Mit Urteil vom 24.10.2025 zum Aktenzeichen V ZR 129/24 entschied der BGH, dass in einer GO für den Fall einer Bauzeitüberschreitung bei der Ausübung eines Ausbaurechts Regelungen über Strafzahlungen getroffen werden dürfen, für die im Ausgangspunkt die gesetzlichen Regelungen für Vertragsstrafen (§§ 339 ff. Bürgerliches Gesetzbuch [BGB]) gelten. Außerdem entschied er, dass im Hinblick auf eine dem Grunde nach angefallene „verwirkte“ Strafzahlung die gerichtliche Herabsetzung einer in der GO abstrakt überhöhten Strafpauschalierung in Betracht kommt.
Der Fall
In der TE/GO ist zugunsten des Wohnungseigentums Nr. 38 ein Dachausbaurecht vereinbart. Danach darf der jeweilige Wohnungseigentümer den Dachbereich aus- bzw. umbauen und das Dach aufstocken. Die Vereinbarung lautet auszugsweise:
„[…] Die Baumaßnahmen von Beginn bis zur Beendigung der Arbeiten müssen innerhalb von maximal 15 Monaten abgeschlossen werden. Der Beginn ist dem Verwalter anzuzeigen. Bei einer Bauzeitüberschreitung von 15 Monaten ist eine Konventionalstrafe an die Wohnungseigentümergemeinschaft in Höhe von 1 % der Bausumme des Dachgeschosses pro Monat der Bauzeitüberschreitung zu zahlen. Als Bausumme wird ein Betrag von 1.500 € pro Quadratmeter Wohnfläche für die Bemessung der Vertragsstrafe verbindlich festgelegt. […]“
Das Wohnungseigentum Nr. 38 gehört einer GmbH & Co.
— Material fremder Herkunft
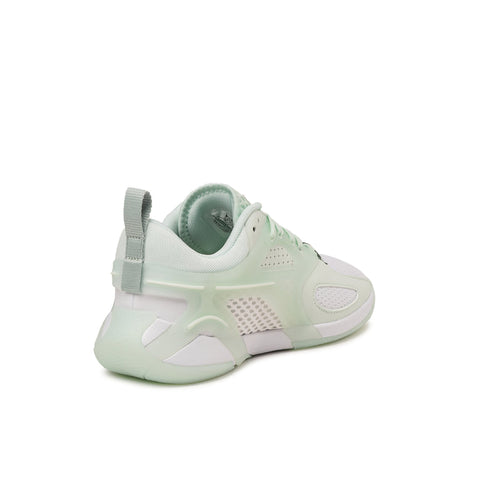 Wmns Jordan Heir Series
KG, die am 30.09.2020 die klagende GdWE darüber informierte, dass sie im Oktober 2020 mit den Baumaßnahmen, die eine Wohnfläche von über 1.000m² beträfen, beginnen werde (Gerüstaufstellung). Da sich die Baumaßnahmen erheblich verzögerten, nimmt die GdWE die Beklagten zu 1 und 2 (KG und Komplementär-GmbH) auf Zahlung von rund 230.000 EUR nebst Zinsen in Anspruch und verlangt zudem die gerichtliche Feststellung, dass die Beklagten zu weiteren monatlichen Zahlungen bis zum Abschluss der Baumaßnahmen verpflichtet sind. Das Amtsgericht Schöneberg hatte der Klage stattgegeben, die Berufung vor dem Landgericht Berlin II blieb ohne Erfolg. Auf die Nichtzulassungsbeschwerde der Beklagten hob der BGH das Berufungsurteil auf und verwies die Sache zur neuen Verhandlung und Entscheidung an das Landgericht zurück, insbesondere auch, um die Möglichkeit der Herabsetzung der Strafzahlung zu prüfen.
Die Entscheidung
Der BGH legt die in der GO getroffene Vereinbarung im Sinne einer Konventionalstrafe aus und unterstellt sie den gesetzlichen Bestimmungen für Strafversprechen nach den §§ 339 ff. BGB. Unbeachtlich sei hierfür, dass die Pflicht zur Strafzahlung nur an ein Verhalten des Ausbauberechtigten anknüpfe und somit nicht – wie eine mitgliedschaftliche Pflicht – jeden Wohnungseigentümer treffen könne. Die in diesem Sinne auszulegende Vereinbarung sei auch von der Gestaltungsfreiheit des teilenden Eigentümers gedeckt und halte insbesondere einer inhaltlichen Kontrolle Stand, weil in der GO vereinbarte Strafzahlungen weder missbräuchlich noch gesetz- oder sittenwidrig seien und darüber hinaus eine Korrektur der Höhe der Strafzahlung durch das Gericht in Betracht komme (§ 343 BGB). Da das Landgericht die Anwendung dieser gesetzlichen Herabsetzungsvorschrift rechtsfehlerhaft verneint hatte, verwies der BGH die Akte zurück zum Landgericht.
Fazit für den Verwalter
Vereinbarungen in der Gemeinschaftsordnung sind objektiv-normativ auszulegen nach Wortlaut und Sinn, wie er sich für einen unbefangenen Leser erschließt. Dies gilt auch für Vereinbarungen über nachträgliche Dachausbaurechte. Fehlt es an einer klaren und eindeutigen Regelung, verbleibt es im Zweifel bei der gesetzlichen Ausgangslage. Diese sieht für nicht privilegierte bauliche Veränderungen – um eine solche handelt es sich – ein gesetzliches Beschlusserfordernis und eine Gestattungsbedürftigkeit vor (§ 20 Abs. 1 WEG). Anerkannt ist, dass sowohl dieses gesetzliche Beschlusserfordernis als auch die gesetzliche Gestattungsnotwendigkeit in der GO abbedungen werden können. In diesem Sinne war die vorliegende Vereinbarung offenbar zu verstehen.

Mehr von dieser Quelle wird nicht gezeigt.